Не ведаю, где, у кого жил в Москве юноша. В институт принят не был, поступил на завод в ученики токаря. Напрягая все свое воображение, всю фантазию, не могу представить себе Алика возле станка. Недолго он потокарил! Сорвался трансмиссионный приводной ремень, он пытался накинуть его на шкив, набросил, но не успел выхватить руки́. Вроде бы так это было, вроде бы… Читатель должен простить мне приблизительность биографических сведений об Алике. Кстати, я ведь и не знал его взрослого имени. Александр? А кто-то говорил мне, что Арнольд. Может быть.

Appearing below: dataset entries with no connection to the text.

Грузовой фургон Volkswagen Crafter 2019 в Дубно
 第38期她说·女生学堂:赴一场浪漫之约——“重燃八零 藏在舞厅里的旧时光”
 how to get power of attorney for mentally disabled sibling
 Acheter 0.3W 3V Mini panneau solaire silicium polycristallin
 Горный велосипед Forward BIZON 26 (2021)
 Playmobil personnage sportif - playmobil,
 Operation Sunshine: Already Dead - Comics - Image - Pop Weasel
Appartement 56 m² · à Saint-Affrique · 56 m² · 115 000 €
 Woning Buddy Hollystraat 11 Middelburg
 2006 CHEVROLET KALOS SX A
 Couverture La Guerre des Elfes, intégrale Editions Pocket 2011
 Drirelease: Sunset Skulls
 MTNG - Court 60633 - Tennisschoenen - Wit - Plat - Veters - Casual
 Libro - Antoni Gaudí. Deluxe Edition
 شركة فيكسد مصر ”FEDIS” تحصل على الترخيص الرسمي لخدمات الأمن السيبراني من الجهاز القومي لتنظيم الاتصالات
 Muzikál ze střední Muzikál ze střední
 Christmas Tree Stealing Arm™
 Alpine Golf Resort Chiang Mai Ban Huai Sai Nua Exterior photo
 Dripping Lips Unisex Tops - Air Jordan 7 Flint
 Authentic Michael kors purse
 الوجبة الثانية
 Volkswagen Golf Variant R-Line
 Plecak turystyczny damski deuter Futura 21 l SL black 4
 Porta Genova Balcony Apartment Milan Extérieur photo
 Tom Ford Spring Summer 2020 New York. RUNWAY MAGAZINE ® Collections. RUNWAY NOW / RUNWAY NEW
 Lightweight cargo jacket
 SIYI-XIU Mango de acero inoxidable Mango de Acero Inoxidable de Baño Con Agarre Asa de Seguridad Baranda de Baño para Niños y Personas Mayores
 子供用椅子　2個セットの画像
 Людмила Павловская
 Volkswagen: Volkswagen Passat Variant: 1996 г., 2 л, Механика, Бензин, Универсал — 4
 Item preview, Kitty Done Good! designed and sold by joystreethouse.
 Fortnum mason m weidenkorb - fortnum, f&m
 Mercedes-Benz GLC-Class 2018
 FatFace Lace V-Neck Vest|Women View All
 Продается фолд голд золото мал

Отношения, которые у нас возникли, я не решаюсь обозначить понятием дружбы. И не только потому, что оно подверглось нынче инфляции, измельчало. Нет, в дружбу, как я ее понимал и продолжаю понимать, наше общение не перешло. Да и приятельством не стало. Так чем же оно было? Меня не покидало ощущение, что я Алику не интересен, во всяком случае не в такой мере любопытен, как он мне. И не то чтобы он проявлял высокомерие, менторство, что ли, я бы этого не потерпел, но определенная полоса отчуждения, как на железной дороге, лежала меж нами. И если я порой переступал ее, то Алик держался на постоянной грани, не придвигаясь ко мне. Мы часто, как в первый день, бродили по Летнему саду — вдоль Лебяжьей канавки, вдоль Невы и Фонтанки, и он громко читал стихи, не замечая гуляющих и сидящих на скамейках, которые останавливались или приподнимались, глядя нам вослед. Я бывал у Алика дома, познакомился с его двумя тетушками, сестрами матери, к которым он приехал после долгого пребывания в больнице погостить и остался навсегда. Раз-другой и он зашел ко мне, мы выходили на мамин балкон, и Алик громко читал стихи, не замечая прохожих внизу, которые приостанавливались и глядели вверх, а некоторые задерживались иод балконом, слушая, как он читает.